Bookeish! turns into Bookeina!

(eish - an exclamation of surprise or amazement; eina - an exclamation of pain, like Ow)


The South African International Festival of Books (known as Bookeish!), originally planned for April 2004, has been postponed due to fund-raising shortfalls.

In a statement on the www.bookeish.co.za website the festival’s chairman Stephen Johnson says: "We set ourselves an ambitious goal of raising R5 million (US$660,000) to cover the cost of the festival and a number of complementary cultural events.

"As at 30 June we were somewhat short of the interim fund-raising target we had set for ourselves. The board was reluctant to compromise the success of the venture and agreed to a postponement. The Publishers' Association of South Africa will announce the new strategy in due course."

The Bookeish!office in Cape Town has closed and no new date for the festival has been set.

The festival was part of a campaign to highlight "the exhilaration and the celebration of the life transforming power of books", according to the Bookeish! website.

A central aspect of the programme in the build-up to the festival in 2004 was an educational programme based on Africa’s 100 Best Books.

The festival was planned as an event for readers and authors, not an event aimed at publishers and booksellers.

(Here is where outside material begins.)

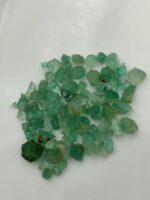 27 ct Rough Emerald from Panjshir, Afghanistan - Image 4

The grand plan for the event aimed to turn Cape Town into ‘book city’ over the period. There would have been music and poetry in Kirstenbosch Gardens (an extension of the current summer music programme); jazz and reading in the Waterfront with the North Sea jazz festival; and the orientation of Baxter, Artscape and Spier programmes to include book themes and works. Local parades were planned around local libraries and library events, in which children dress up as book characters, coming together into a single Book March. A high-profile media, poster and banner campaign was hoped to add to the excitement and sense of ubiquitous book events.

The Bookeish! website says the festival is "Much more than a trade gathering of publishers and booksellers nationally and internationally, Bookeish! will be the culmination of a two-year campaign that highlights the importance of books and the value of ‘reading for life’. Bookeish! will encourage South Africans to see that reading and the purchase of books is an enriching and worthwhile investment in their own and the country’s future."

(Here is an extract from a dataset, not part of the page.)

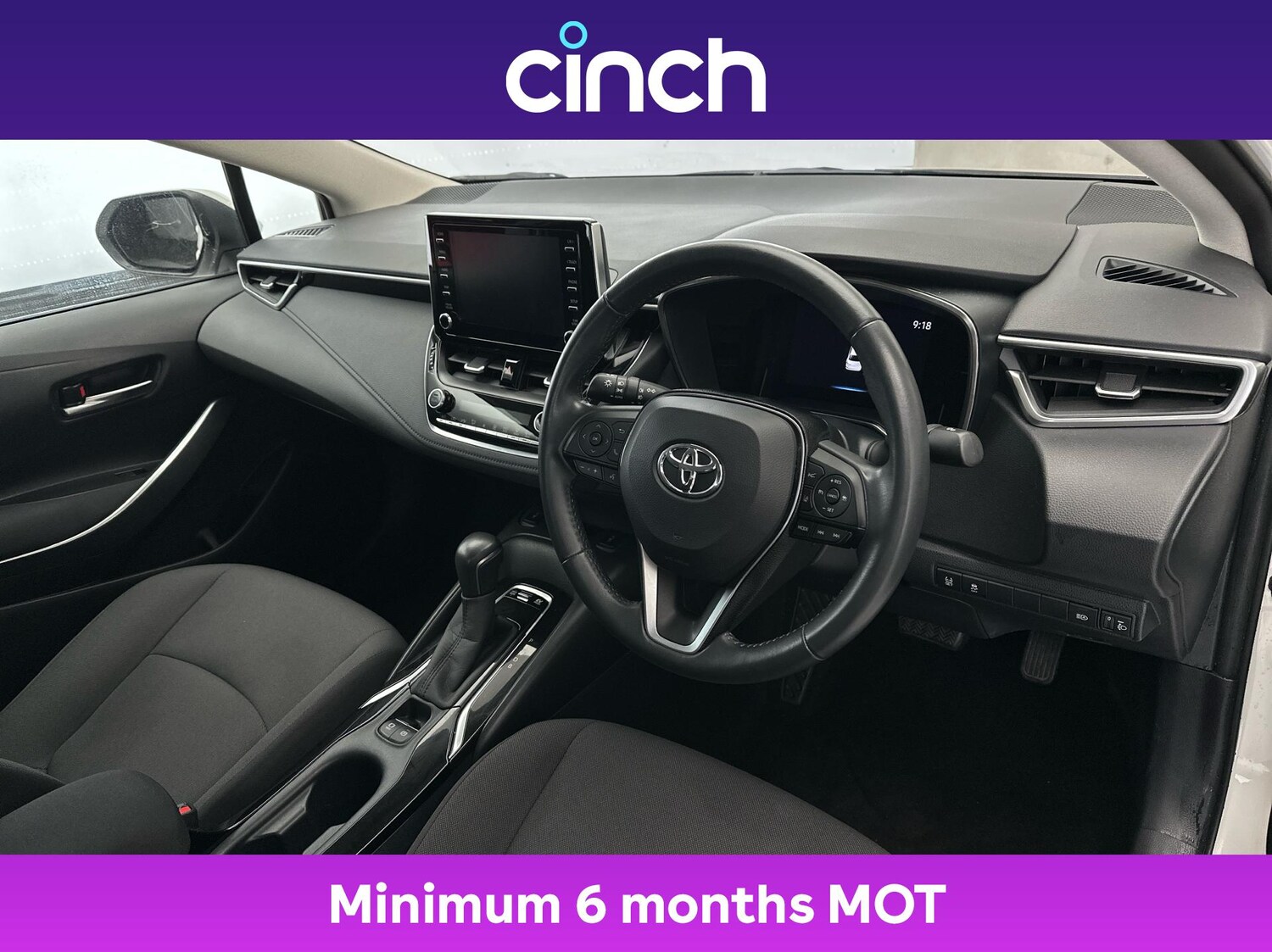 Used Toyota Corolla 2021 for sale - 76133845: Photo 12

It was planned that the festival would take place every two years.

Johnson said: "We have received significant support in both cash and kind from organisations like Atlantic Philanthropies, Cambridge University Press, PanMacmillan SA, The Penguin Group, Random House, Juta & Co, Struik New Holland, Johnnic as well as significant commitments of support from the Department of Arts & Culture, Avmin, Naspers, the National Arts Council and Daimler Fleet Services.

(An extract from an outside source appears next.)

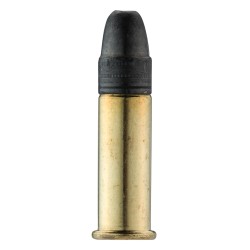 Cartouches Eley Subsonic Hollow point  cal .22LR bte de 500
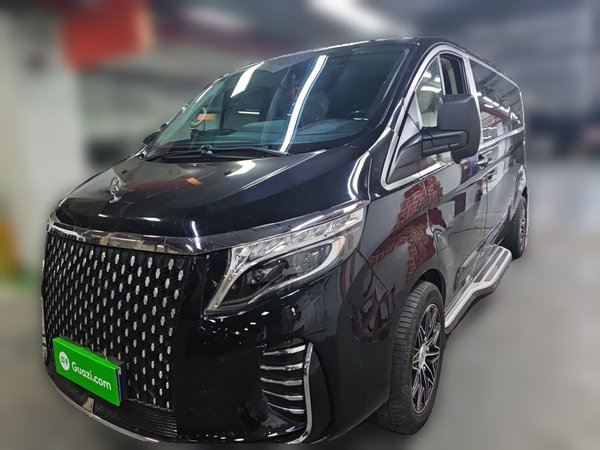 Ford Transit · 2021 год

"We are confident that the energy and enthusiasm displayed by all who have been associated with Bookeish! has already contributed significantly towards our goal of highlighting the value of books and the value of reading. Our involvement in Africa's Top 100 Books competition and numerous other cultural events has been extremely rewarding. But, for the moment, the Festival itself will have to wait. "

The postponement is just a "temporary set back", he said.